I feel upset. I think how rude, inconsiderate, disrespectful of him to ignore her throughout their shared meal. Here she is having a meal together with her hubby at that small round table, yet the distance between them must be wide. I’m just imagining of course. She may know who the other person is, and the nature or urgency of that phone conversation?!? So she may understand. And it’s okay with her I guess.

The group of friends nearby are each on their phones, too, while talking or sharing a laugh or two. They seem to – well really enjoy each other’s company, even though their eyes are glued on the screen of their phones.

As with the rest of most people nowadays – this is a common scene, be it at home, at work, in the malls, or elsewhere.

One video comes to mind – that of a dolphin undersea who goes up to a diver, takes his hand, to rub his belly. We are used to domestic pets doing this. The point is, even animals yearn for interaction from humans, but humans are getting more and more inclined to create, enjoy virtual relationships – through their electronic gadgets.

What an utter sad, wrong way of using technology. Our mobiles/laptops/tablets/computers are meant to augment – never to replace or destroy — our face-to-face interactions. You hear of family members, texting each other, even though they are just there in their home. You see them eating together, almost mechanically because some seem more attentive to their phones than on the food, totally oblivious of their moms or dads or siblings.

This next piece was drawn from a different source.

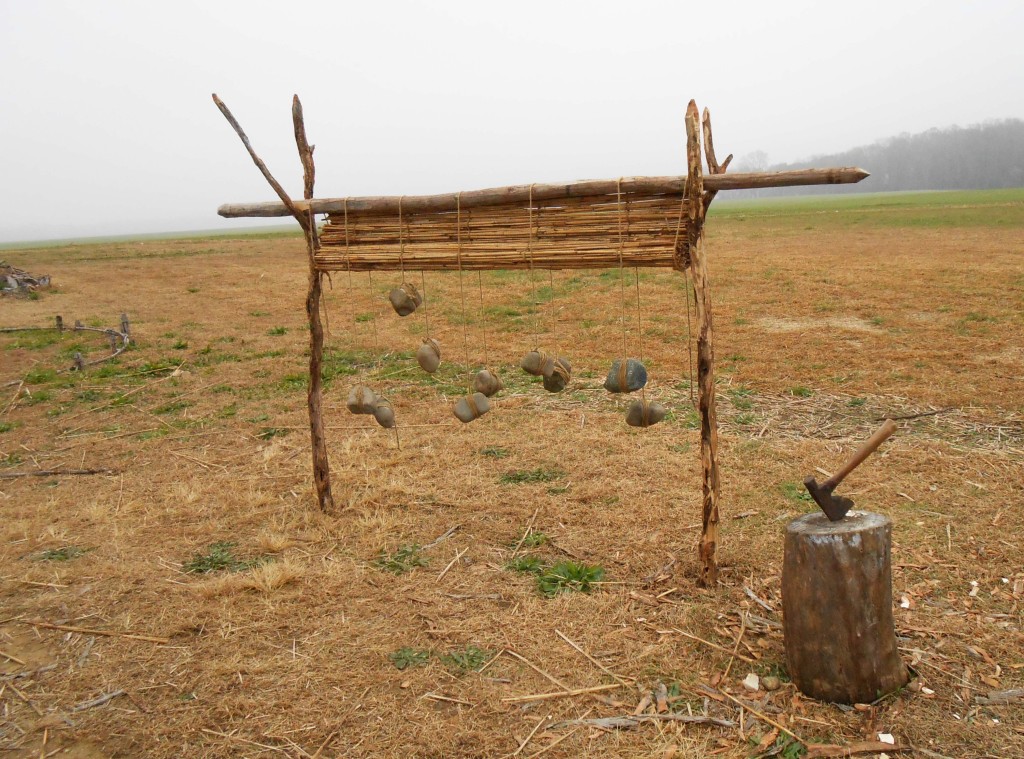 A primitive loom is set-up for the making of woven mats to be used in the interior bedding of longhouse.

Back in my time, our elders used to remind us, “Eating is like praying.” Sadly, the sacredness of family time today is marred by the intrusion of these electronic gadgets. Many families no longer communicate on a deeper, intimate level.

Communication gadgets are without doubt helpful in times of emergency, and when we are separated by physical distance from the important people in our lives.

Yet, how can strong, meaningful relationships ever thrive when communication is driven solely by technology? Where have good table manners gone? Well, just some food for thought, folks.

Oh, here comes my breakfast now. I’m asking for an additional order of fried garlic rice because I forget they serve two slices of buttered toast to go with the omelette. Hmmm, not good with the tuyo.